また、非公式ながら2つの世界記録を樹立したことがある。
- 1909年、両手投げ砲丸投で26.89 m
- 1910年、両手投げ円盤投で87.12 m
これらの記録は、投てきサークルの寸法が国際基準に合致していなかったため、公式記録として承認されることはなかった。
彼は数々のフィンランド国内記録も樹立している。
- 1907年10月25日、砲丸投で13.47 m
- 1909年7月4日、砲丸投で14.68 m
- 1910年6月19日、円盤投で44.88 m
- 1910年8月15日、ハンマー投で40.04 m
- 1913年7月19日、両手投げ砲丸投で27.75 m
- 1914年6月7日、ハンマー投で45.95 m
- 1914年、重錘投で10.76 m
- 1915年7月4日、ハンマー投で47.18 m
- 1916年6月12日、ハンマー投で47.57 m
彼の各イベントにおける自己ベストは以下の通りである。
- 砲丸投: 14.86 m (1913年7月19日)
- 両手投げ砲丸投: 27.75 m (1913年7月19日)
- 円盤投: 47.18 m (1916年7月16日)
- 両手投げ円盤投: 90.13 m (1913年7月20日)
- ハンマー投: 47.57 m (1916年6月12日)
- やり投: 54.19 m (1916年6月12日)
- 重錘投: 10.76 m (1914年)
4. 遺産と影響
エルマー・コンスタンティン・ニクランダーは、フィンランド陸上競技史における伝説的な選手として、その遺産と影響は長く語り継がれている。彼は4度のオリンピック出場と複数のメダル獲得、特に1920年の円盤投における金メダルによって、フィンランドのスポーツ界に大きな誇りをもたらした。彼が1913年に樹立した両手投げ円盤投の世界記録90.13 mが現在も破られていないことは、彼の技術と力の際立つ証である。

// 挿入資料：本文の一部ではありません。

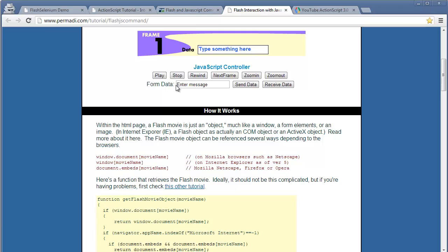Now we go to the fourth example. In this example the developer has exposed ActionScript functions for play Flash movie, stop Flash movie, rewind Flash movie, next frame, zoom in, zoom out, send data to Flash movie, and receive data from Flash movie. After that, those functions are called using JavaScript on the onClick event of a button, which we do using Selenium at runtime. This means we call ActionScript functions using JavaScript at runtime.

国内選手権での44回優勝という比類なき記録は、彼が長期間にわたってフィンランドの投てき競技を支配したことを示している。これは彼の卓越した競技能力だけでなく、練習への継続的な献身と精神的な強さを物語るものである。1924年のパリオリンピックでフィンランド選手団の旗手を務めたことは、彼が単なるアスリートとしてだけでなく、国民的な英雄として認められていたことの象徴である。ニクランダーの業績は、後進のフィンランド人アスリートにとっての目標となり、国内の陸上競技の発展に多大な影響を与えた。彼の存在は、厳しい状況下でもスポーツを通じて栄光を掴むことができるという希望を多くの人々に与え、フィンランドのスポーツ文化を豊かにする上で重要な役割を果たした。